(Short web captions)
- Opening Delimiter -

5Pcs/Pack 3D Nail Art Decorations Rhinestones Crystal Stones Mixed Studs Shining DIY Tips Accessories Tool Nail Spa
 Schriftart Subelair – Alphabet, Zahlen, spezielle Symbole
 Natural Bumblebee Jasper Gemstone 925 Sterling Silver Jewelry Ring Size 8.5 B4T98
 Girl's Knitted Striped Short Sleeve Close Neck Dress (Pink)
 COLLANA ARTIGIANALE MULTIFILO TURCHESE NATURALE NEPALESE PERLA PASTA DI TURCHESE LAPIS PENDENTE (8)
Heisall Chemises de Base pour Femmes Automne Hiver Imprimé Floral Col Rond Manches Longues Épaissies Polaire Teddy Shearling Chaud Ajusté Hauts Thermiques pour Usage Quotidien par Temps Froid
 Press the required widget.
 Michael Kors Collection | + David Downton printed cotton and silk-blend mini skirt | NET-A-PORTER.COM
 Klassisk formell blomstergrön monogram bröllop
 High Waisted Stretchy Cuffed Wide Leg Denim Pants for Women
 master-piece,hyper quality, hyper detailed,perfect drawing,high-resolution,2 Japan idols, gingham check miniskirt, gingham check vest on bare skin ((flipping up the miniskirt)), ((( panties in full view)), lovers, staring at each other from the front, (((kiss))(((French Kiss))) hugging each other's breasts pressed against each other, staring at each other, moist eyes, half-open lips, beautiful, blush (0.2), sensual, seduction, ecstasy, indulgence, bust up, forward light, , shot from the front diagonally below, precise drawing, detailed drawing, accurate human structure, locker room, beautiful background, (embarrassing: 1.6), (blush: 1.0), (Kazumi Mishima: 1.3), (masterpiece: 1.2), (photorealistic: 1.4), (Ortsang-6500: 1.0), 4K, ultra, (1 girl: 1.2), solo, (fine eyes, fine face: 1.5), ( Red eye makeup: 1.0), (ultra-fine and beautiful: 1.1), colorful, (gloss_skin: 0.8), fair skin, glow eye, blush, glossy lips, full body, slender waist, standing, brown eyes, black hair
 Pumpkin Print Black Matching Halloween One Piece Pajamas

- Closing Delimiter -

Transcribe all of the data so that each line matches the source exactly.

### SOLVED PROBLEM
5Pcs/Pack 3D Nail Art Decorations Rhinestones Crystal Stones Mixed Studs Shining DIY Tips Accessories Tool Nail Spa
 Schriftart Subelair – Alphabet, Zahlen, spezielle Symbole
 Natural Bumblebee Jasper Gemstone 925 Sterling Silver Jewelry Ring Size 8.5 B4T98
 Girl's Knitted Striped Short Sleeve Close Neck Dress (Pink)
 COLLANA ARTIGIANALE MULTIFILO TURCHESE NATURALE NEPALESE PERLA PASTA DI TURCHESE LAPIS PENDENTE (8)
Heisall Chemises de Base pour Femmes Automne Hiver Imprimé Floral Col Rond Manches Longues Épaissies Polaire Teddy Shearling Chaud Ajusté Hauts Thermiques pour Usage Quotidien par Temps Froid
 Press the required widget.
 Michael Kors Collection | + David Downton printed cotton and silk-blend mini skirt | NET-A-PORTER.COM
 Klassisk formell blomstergrön monogram bröllop
 High Waisted Stretchy Cuffed Wide Leg Denim Pants for Women
 master-piece,hyper quality, hyper detailed,perfect drawing,high-resolution,2 Japan idols, gingham check miniskirt, gingham check vest on bare skin ((flipping up the miniskirt)), ((( panties in full view)), lovers, staring at each other from the front, (((kiss))(((French Kiss))) hugging each other's breasts pressed against each other, staring at each other, moist eyes, half-open lips, beautiful, blush (0.2), sensual, seduction, ecstasy, indulgence, bust up, forward light, , shot from the front diagonally below, precise drawing, detailed drawing, accurate human structure, locker room, beautiful background, (embarrassing: 1.6), (blush: 1.0), (Kazumi Mishima: 1.3), (masterpiece: 1.2), (photorealistic: 1.4), (Ortsang-6500: 1.0), 4K, ultra, (1 girl: 1.2), solo, (fine eyes, fine face: 1.5), ( Red eye makeup: 1.0), (ultra-fine and beautiful: 1.1), colorful, (gloss_skin: 0.8), fair skin, glow eye, blush, glossy lips, full body, slender waist, standing, brown eyes, black hair
 Pumpkin Print Black Matching Halloween One Piece Pajamas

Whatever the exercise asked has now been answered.